CAFRA – celebrating 17 years
The Caribbean Association for Feminist Research and Action (CAFRA) celebrated 17 years of activism in the region, on April 1,2002. The organisation will use the entire month of April to showcase its work throughout the region. Member countries will hold public exhibitions of CAFRA’s work over the years.
CAFRA is a regional network of feminists, individual researchers, activists and women’s organisations who define feminist politics as a matter of both consciousness and action.
Its mission is to celebrate and channel the collective power of women for individual and societal transformation, thus creating a climate in which social justice is realised.
CAFRA’s membership spans the English, Dutch, French and Spanish-speaking Caribbean. The organisation has therefore played a critical role in Caribbean integration.
The idea of a Caribbean feminist organisation came out of a meeting in Puerto Rico when a group of women activists and scholars assembled for a study seminar on women and social production in the Caribbean.
CAFRA pays tribute to the founding mothers – Sonia Cuales, Cynthia Ellis, Honor Ford-Smith, Joan French, Rhoda Reddock, Peggy Antrobus and Rawwida Baksh-Soodeen. They carried forward the idea until the organisation was launched on April 1, 1985 in Barbados, with the support of the Women and Development Unit and ECLAC.

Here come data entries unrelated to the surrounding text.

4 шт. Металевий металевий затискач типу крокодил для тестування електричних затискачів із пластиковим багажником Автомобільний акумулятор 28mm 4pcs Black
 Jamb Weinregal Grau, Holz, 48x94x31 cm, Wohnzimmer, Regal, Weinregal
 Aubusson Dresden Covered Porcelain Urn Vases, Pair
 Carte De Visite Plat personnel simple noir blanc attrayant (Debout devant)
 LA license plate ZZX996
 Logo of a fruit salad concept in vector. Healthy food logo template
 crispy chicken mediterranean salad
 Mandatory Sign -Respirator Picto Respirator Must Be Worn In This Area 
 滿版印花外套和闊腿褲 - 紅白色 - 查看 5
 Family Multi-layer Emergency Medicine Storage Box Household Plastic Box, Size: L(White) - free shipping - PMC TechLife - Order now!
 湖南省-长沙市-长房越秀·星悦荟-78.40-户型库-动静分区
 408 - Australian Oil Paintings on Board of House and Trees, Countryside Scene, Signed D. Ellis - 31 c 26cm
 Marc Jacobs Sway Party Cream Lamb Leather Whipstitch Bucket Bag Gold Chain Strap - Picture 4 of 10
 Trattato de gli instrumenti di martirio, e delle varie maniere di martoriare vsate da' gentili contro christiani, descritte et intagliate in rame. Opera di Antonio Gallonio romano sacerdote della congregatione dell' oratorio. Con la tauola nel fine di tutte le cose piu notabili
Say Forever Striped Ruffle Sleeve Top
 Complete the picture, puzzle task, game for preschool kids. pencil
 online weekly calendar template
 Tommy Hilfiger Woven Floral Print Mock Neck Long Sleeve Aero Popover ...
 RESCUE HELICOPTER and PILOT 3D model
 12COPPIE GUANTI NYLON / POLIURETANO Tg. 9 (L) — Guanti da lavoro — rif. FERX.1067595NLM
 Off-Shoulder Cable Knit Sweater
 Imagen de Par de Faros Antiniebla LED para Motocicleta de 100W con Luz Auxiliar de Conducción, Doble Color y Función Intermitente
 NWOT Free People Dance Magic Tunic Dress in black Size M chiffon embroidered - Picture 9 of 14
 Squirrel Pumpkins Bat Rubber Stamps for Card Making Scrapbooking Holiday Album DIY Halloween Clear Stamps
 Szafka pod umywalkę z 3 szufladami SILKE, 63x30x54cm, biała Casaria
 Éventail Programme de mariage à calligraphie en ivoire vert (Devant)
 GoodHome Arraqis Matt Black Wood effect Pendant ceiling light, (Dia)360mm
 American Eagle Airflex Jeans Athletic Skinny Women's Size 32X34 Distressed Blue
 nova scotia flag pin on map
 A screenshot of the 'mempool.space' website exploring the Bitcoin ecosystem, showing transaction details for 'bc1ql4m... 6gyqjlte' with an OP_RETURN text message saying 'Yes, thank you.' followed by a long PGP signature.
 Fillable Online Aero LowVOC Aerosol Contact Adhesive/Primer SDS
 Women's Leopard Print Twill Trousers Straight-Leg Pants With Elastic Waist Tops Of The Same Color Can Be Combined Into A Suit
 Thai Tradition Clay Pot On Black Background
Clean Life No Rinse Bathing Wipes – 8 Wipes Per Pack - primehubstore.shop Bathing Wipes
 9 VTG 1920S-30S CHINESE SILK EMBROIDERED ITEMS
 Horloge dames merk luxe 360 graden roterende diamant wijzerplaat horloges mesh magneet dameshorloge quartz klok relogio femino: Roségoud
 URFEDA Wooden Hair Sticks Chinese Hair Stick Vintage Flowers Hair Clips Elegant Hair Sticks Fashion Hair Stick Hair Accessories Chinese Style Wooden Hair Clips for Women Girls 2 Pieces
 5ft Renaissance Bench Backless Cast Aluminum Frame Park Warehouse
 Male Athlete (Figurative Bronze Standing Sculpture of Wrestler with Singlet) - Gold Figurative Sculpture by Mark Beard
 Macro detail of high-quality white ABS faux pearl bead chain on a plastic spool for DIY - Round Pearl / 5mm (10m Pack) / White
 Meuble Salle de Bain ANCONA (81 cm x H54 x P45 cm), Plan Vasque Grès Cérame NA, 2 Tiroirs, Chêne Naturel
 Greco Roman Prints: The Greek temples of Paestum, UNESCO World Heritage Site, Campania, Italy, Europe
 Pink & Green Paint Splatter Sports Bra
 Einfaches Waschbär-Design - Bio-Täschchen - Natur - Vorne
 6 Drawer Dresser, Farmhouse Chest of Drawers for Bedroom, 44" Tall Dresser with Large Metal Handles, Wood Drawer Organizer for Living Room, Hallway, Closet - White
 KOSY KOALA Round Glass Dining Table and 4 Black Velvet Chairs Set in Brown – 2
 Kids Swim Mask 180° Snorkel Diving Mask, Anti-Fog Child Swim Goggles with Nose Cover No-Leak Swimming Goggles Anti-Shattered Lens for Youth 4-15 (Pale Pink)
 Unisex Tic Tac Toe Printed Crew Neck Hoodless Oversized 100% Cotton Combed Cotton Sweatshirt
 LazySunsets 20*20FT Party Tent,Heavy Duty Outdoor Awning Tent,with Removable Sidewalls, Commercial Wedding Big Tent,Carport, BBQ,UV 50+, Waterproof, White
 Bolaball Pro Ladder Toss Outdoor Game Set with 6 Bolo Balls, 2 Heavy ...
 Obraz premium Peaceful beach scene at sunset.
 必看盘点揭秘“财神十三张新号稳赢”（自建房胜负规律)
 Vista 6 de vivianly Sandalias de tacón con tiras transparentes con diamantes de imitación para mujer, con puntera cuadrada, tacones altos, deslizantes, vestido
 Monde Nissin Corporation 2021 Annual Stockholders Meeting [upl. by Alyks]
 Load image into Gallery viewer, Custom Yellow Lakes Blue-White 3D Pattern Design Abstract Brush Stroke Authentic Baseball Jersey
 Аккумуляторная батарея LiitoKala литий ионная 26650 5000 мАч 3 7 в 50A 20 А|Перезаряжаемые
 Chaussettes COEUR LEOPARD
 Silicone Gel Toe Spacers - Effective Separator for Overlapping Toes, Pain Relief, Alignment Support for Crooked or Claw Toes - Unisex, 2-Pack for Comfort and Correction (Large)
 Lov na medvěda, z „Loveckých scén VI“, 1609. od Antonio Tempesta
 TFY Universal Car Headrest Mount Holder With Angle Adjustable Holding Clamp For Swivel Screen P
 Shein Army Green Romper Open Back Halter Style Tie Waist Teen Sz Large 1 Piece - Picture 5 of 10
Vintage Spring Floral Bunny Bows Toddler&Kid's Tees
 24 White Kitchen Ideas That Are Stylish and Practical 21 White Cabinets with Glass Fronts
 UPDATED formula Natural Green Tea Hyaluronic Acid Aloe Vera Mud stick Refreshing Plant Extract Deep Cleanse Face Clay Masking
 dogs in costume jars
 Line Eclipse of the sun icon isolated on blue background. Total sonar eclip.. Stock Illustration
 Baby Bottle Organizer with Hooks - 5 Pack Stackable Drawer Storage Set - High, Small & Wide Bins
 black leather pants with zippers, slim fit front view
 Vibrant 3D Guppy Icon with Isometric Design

CAFRA has grounded its mission in an analysis that speaks to issues of race, ethnicity and class, along with a focus on the social relation of gender. It was UNIFEM who made the first substantial contribution to CAFRA to allow it to carry out landmark research on women in agriculture in 1987. Since then, major projects have been carried out on:
* An Anthology of Caribbean Women Poets;
* Women, Violence and Law;
* Critical Perspectives on Human Rights in the Caribbean;
* Strategies for the Implementation of the
Beijing for Action;
* Impact of Geopolitics on the Women’s Movement in
the Caribbean;
* Challenges and Perspectives for Women’s Leadership in
the 21st Century;
* Political Activism Among Young Women;
* Integrating Gender Issues in Participatory
and Collaborative Natural Resources Management;
* CAFRA Policy Document and Campaign Against HIV/AIDS;
* Domestic Violence Intervention/Prevention Training
for Police and Social Workers;
* Economic Literacy Training;
* Advocacy and Lobbying Skills Training;
* Publication of a Half-yearly Newsletter; and
* An Annual Report
In the implementation of these projects, CAFRA collaborates with regional NGOs, such as CPDC, inter-governmental organisations, and regional and international organisations with similar goals.
CAFRA’s current research projects focus on the impact of trade liberalisation on women, the development of gender indicators for projects and programmes to benefit women, and tourism and the sex trade.
The organisation is working towards bringing its diverse membership together in its Fifth General Assembly scheduled for May 23-30 in Suriname, under the Theme, “Women, Globalisation and Fair Trade”.
The permanent Secretariat for the organisation’s work in Trinidad and Tobago, and CAFRA has embarked on a fundraising drive to purchase the premises it currently occupies.
As CAFRA celebrates its 17th birthday, it also celebrates the commitment of its National Committees and donor agencies such as HIVOS, HBF, OXFAM, DFID, UNIFEM and the Global Fund for Women, which have unreservedly supported its work.